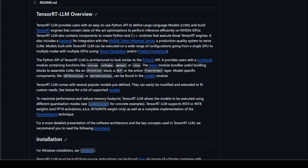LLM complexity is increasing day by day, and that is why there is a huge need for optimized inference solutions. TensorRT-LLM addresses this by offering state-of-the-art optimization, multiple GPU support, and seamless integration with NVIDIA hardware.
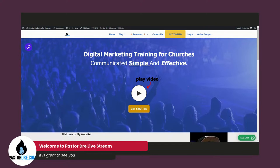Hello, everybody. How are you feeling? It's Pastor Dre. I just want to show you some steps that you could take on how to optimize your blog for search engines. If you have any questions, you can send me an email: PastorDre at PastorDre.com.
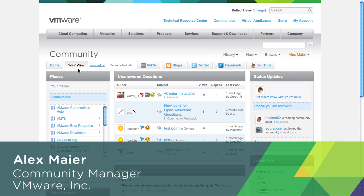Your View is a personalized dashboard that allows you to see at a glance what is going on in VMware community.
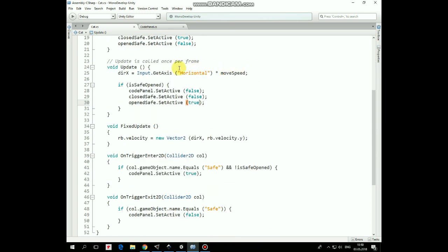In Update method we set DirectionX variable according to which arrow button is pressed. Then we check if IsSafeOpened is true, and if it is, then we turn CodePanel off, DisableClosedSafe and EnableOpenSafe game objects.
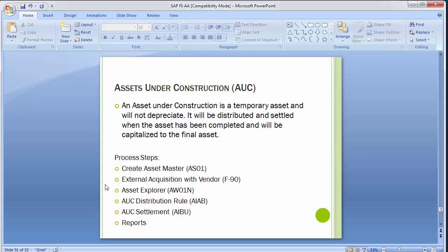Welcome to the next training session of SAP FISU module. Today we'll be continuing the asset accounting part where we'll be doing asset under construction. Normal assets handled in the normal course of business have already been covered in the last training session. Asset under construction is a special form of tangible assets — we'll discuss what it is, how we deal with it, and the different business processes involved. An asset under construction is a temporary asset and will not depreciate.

==

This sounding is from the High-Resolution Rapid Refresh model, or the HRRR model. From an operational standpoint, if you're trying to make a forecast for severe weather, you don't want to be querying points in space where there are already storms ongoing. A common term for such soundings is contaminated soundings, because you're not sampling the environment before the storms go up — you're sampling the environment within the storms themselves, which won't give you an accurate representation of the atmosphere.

* YOUR INSTRUCTIONS *
Leave the pictures out, and transcribe exactly the lines above starting at the one that contains "Your View is" and ending at the one that contains "In Update method".

* REPLY TO THE TASK *
Your View is a personalized dashboard that allows you to see at a glance what is going on in VMware community.
In Update method we set DirectionX variable according to which arrow button is pressed. Then we check if IsSafeOpened is true, and if it is, then we turn CodePanel off, DisableClosedSafe and EnableOpenSafe game objects.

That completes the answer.